Secondo i pm, la compagnia avrebbe pagato nel 2011 una mega-tangente di 1 miliardo e 92 milioni di dollari per ottenere in Nigeria, insieme a Shell, l’immenso campo petrolifero Opl 245. La pubblica accusa aveva presentato 14 punti per sostenere la richiesta di sentire Amara, quattro per Marchese. Per dimostrare “la grave e continua interferenza” di Eni nel processo sulla presunta corruzione internazionale in Nigeria, per far ritrattare al teste Armanna le accuse all’amministratore delegato Descalzi, per eliminare prove a carico dei vertici della compagnia.
Le dichiarazioni di Amara sono “assolutamente necessarie” in questo processo, secondo il pm De Pasquale, che chiede di acquisirle solo ora perché Amara ha cominciato a collaborare nel novembre 2019, con dichiarazioni che soltanto ora sono disponibili e che non potevano essere prodotte prima.
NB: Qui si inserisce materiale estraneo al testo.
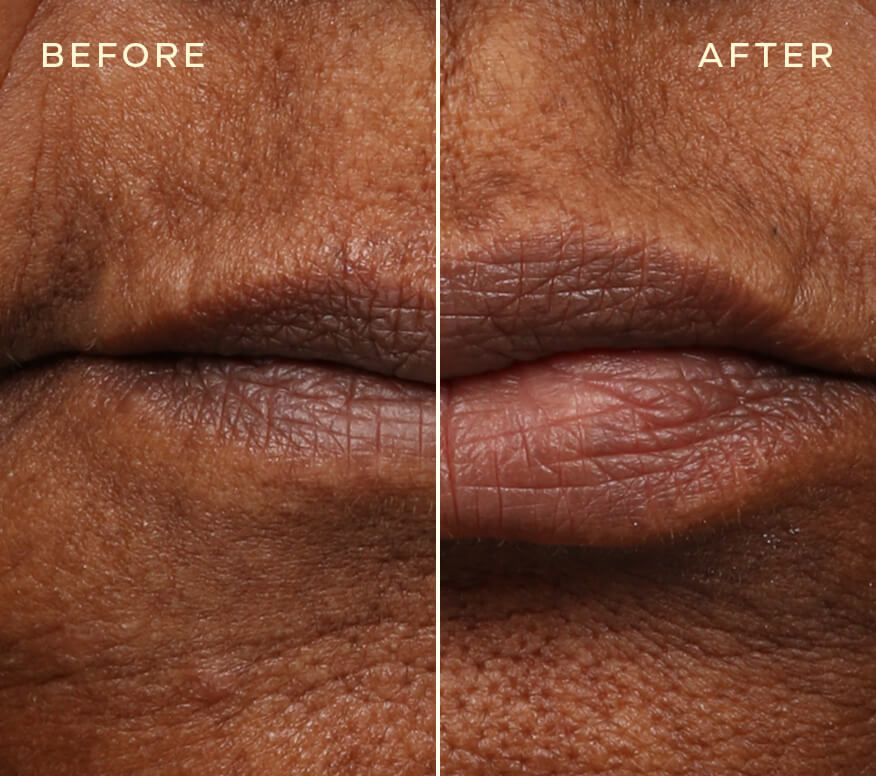 Repleneshing Lip Filler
In questo processo: perché è in questo processo che la società Eni è accusata, in forza della legge 231 sulla responsabilità amministrativa delle società, di non aver predisposto modelli di organizzazione e di gestione idonei a prevenire reati come quello di corruzione internazionale. E perché è in questo processo che sono state tentate manovre d’inquinamento delle prove che dimostrano – se provate – che gli imputati avevano qualcosa da nascondere: l’imputato innocente non ha alcun interesse a inquinare il processo, comprare testimoni, pedinare i pm.
I 14 punti presentati da De Pasquale e Spadaro per tentare di convincere – invano – il Tribunale a sentire Amara sono pesantissimi. Riguardano 14 fatti che riscrivono la storia dell’inchiesta su Olp 245. Tra questi: Granata nel 2014 fornì ad Amara un cellulare per le telefonate “riservate”, gli chiese di registrate il testimone Armanna “per ricattarlo” e “comprarlo”; e partirono “interferenze della difesa Eni e di taluni imputati nei confronti dei magistrati degli uffici giudiziari milanesi con riferimenti al processo Opl 245”.